Lorca’s lack of English language skills initially left him feeling isolated, although he did make some close writer friends in the Spanish department, some of whom were involved in translating the likes of T.S. Eliot and Walt Whitman into Spanish, and among the cultural elite of the expatriate Spanish community. However, it wasn’t until he crossed paths with two black writers – novelist Nella Larsen [ Pictured above ], and fellow gay poet, Langston Hughes [ Pictured after the cut ] – that he finally found a place in the city where he felt completely at home: Harlem.

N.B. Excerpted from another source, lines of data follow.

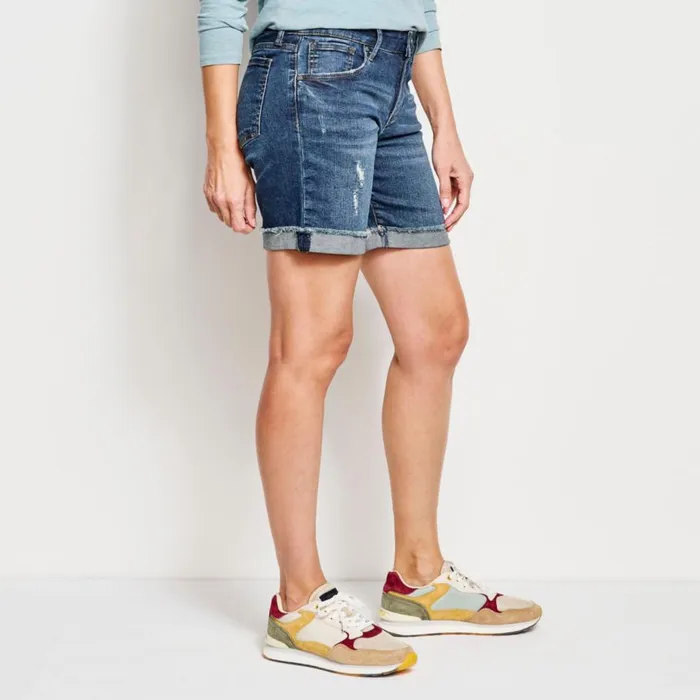 Women Kut From The Klothreg Catherine Boyfriend 7quot Shorts Med Indigo Midrise Orvis Shorts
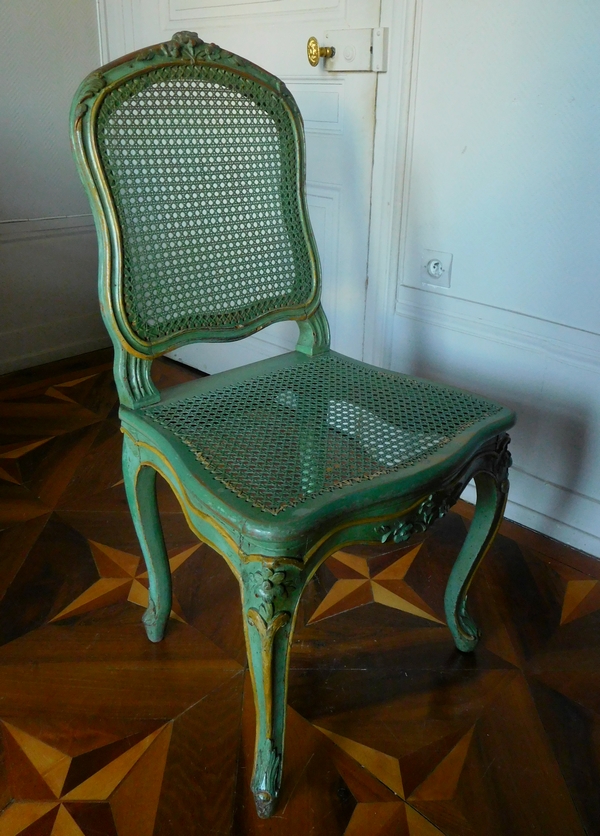 JB Gourdin : salon de 2 fauteuils et 4 chaises cannés d'époque Louis XV aux chinoiseries - estampillé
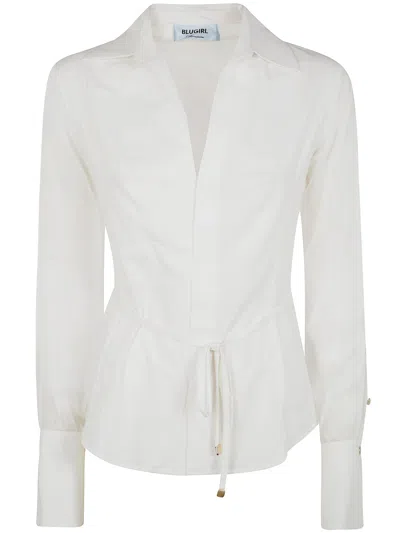 Blugirl Popeline Stretch Voile Slim Shirt In White
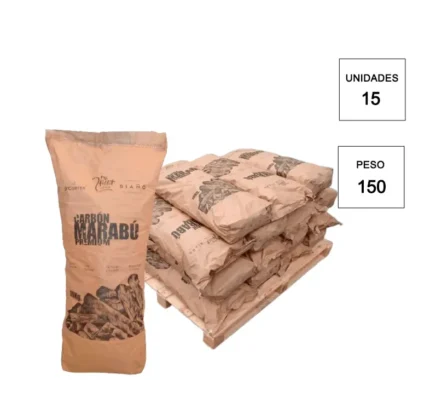 Carbón vegetal Marabú 15 sacos de 15 kg (225 kg) – brasas largas
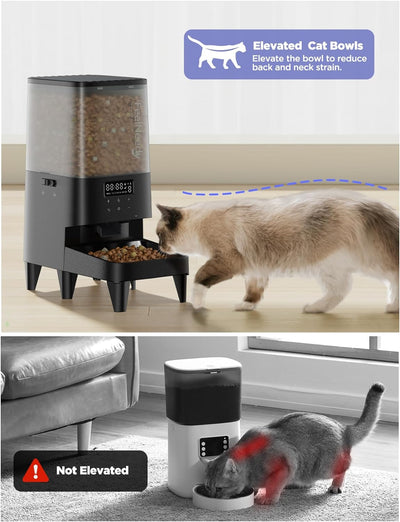 Futterautomat Katze APP Gesteuert, FEELNEEDY 5L Katzenfutter Automat WiFi, Automatischer Futterspend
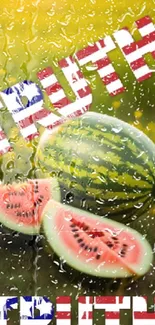 Vibrant watermelon with 'TRUTH' in flag pattern on a sunlit field.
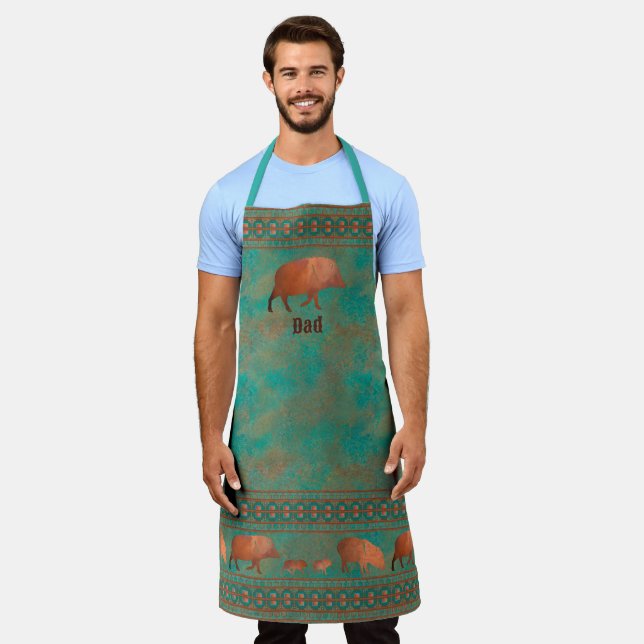 Southwest Javelina Dad Personalised Copper Teal Apron (Worn)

Lorca was quite taken by Larsen and wrote to his parents extolling her beauty, grace and eloquence. She would be his guide through the Jazz-fueled Harlem Renaissance, where hundreds of creative young black artists, musicians and writers had flocked to the city and sought to use their art as a means of overcoming the severe bigotry of the era and gain a voice in American culture at large. Lorca spent much of his time in New York frequenting the bars, parties and musical theatres of Harlem, and he was deeply touched by the plight of this oppressed minority, which paralleled his own as a gay man in a deeply homophobic culture.
 
Using the long, free-flowing lines and prophetic voice borrowed from Whitman that suffuse so much of Poet in New York, "The King of Harlem" depicts a people robbed of their own culture and human dignity and forced into a life of subservience:

Ay, Harlem! Ay, Harlem! Ay, Harlem!
There is no anguish like that of your oppressed reds,
or your blood shuddering with rage inside the dark eclipse,
or your garnet violence, deaf and dumb in the shadows,
or your great king held prisoner in a janitor’s uniform.
 
Like pressure inside a volcano, this rage continues to build until the King of Harlem “beats the monkeys on their asses,” and in so doing, issues the call to bloody revolution against their oppressors and the dehumanizing machinery of the city itself:
 
Blood flows, and will flow
on rooftops everywhere,
and burn the blonde women’s chlorophyll,
to groan at the foot of the beds before the sinks’ insomnia,
and burst into an aurora of tobacco and yellow haze.
 
Not much is known about Lorca’s relationship with Hughes. Lorca’s time in New York and Cuba is marked by frequent disappearances where his friends would lose track of him for days or weeks at a time and upon his return thought it better not to ask where he’d been.  As a deeply closeted man himself, Hughes’ personal life is just as sketchy. We do know they met and became friends through Larsen, and the two would set sail for Cuba together in March 1930. Following Lorca’s death, Hughes would be among the first to translate Lorca’s poetry and poems into English. It does seem the three writers influenced one another’s work – the oppressed Andalusian women of Lorca’s later plays bear a keen resemblance to Larsen’s southern black women, and stylistic and structural similarities have been noted between some of Hughes’ and Lorca’s later poems.
Comments (8)Add Comment
...
written by Victor Marzowicz-Velasquez, November 30, 2008
I'd like to say some more about Langston Hughes. None of Lorca's biographers (that I have read, anyway) have ever mentioned a connection between the two, except to note that Nella Larsen had introduced them. However, in researching this part of the story online, I happened upon the information above, meager as it is, in a biography of Hughes. I have since bought his Collected Poems, and even just reading the biographical chronology in the intro and a random sample of poems, it seems to me Lorca's biographers have "missed the boat" here in more than just a literal level.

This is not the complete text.